This is based on the reports from psychologists, airport staff, and airline crew suggested a noticeable uptick in passengers expressing nervousness about flying. This trend is not just limited to those who have a long-standing fear of air travel. This has now been affecting to even those who were not concerned about it before. This may be due to the increasing media coverage, heightened safety concerns, and ongoing stress from broader life circumstances.
The recent data from the industry reflects a decline in air travel during early spring. While some airlines have suggested economic uncertainty and reduced government travels, the evidence suggest that there have been concerns over safety and psychological toll on recent aviation events, which has led to the decline in numbers.
Flight crews, especially those based near recent accident locations, have also felt the impact. Some crew members have taken time off to cope emotionally, and in a few cases, even left the profession due to increased stress.
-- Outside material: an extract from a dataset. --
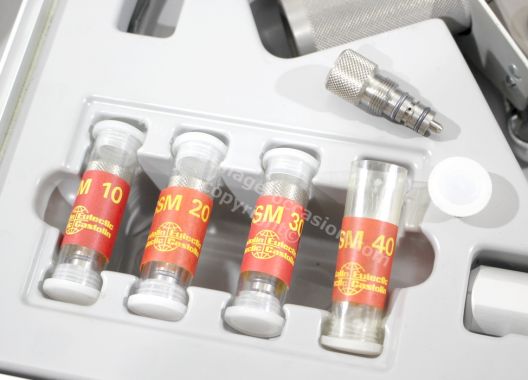 Pistolet de projection thermique oxy-acétylénique CASTOLIN CastoDyn DS 8000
As per Trauma Research UK, aerophobia is an irrational fear or anxiety related to flying or being in aeroplanes. It is a type of specific phobia, which is an excessive or irrational fear of a particular object, situation, or activity. People with aerophobia may also experience intense anxiety, panic attacks, or avoidance behaviour when faced with situations involving air travel, such as boarding a plane, visiting an airport or even just thinking about flying.
It usually starts like how all other phobias start, from a 'learned behaviour'.
Bad Experience: A bad experience can be anything from experiencing turbulence, experiencing some form of trauma whilst abroad, seeing a frightening film as a child or feeling unwell on a plane
Copying A Parent: A lot of behaviour that we often do comes from looking at our parents If as a child, you have witnessed a grown up, who is supposed to be your protector, be scared of flights. Chances are, you will be scared too.
Becoming A Parent: Your parental protection instincts have kicked in and this fear may accelerate and become a phobia.
Transference: This often occurs when facing a stressful event whilst on holiday. As you are sitting on the plane homeward bound, the suppressed anxiety and stress catch up with you, causing an anxiety attack.
Psychologists also suggest that as individuals take on more responsibilities—like starting families or advancing in careers—their sense of vulnerability can increase, sparking fears that didn’t exist before.
Traumatic flight experiences, such as severe turbulence, can also act as a trigger. In some cases, broader anxiety disorders—such as social or travel-related stress—intersect with aerophobia, compounding the fear.
For some, the fear of flying can lead to full-blown panic attacks. These may involve shortness of breath, dizziness, nausea, or a sense of being trapped. Airline crew members often assist passengers experiencing panic, sometimes administering oxygen or offering calming support during the flight.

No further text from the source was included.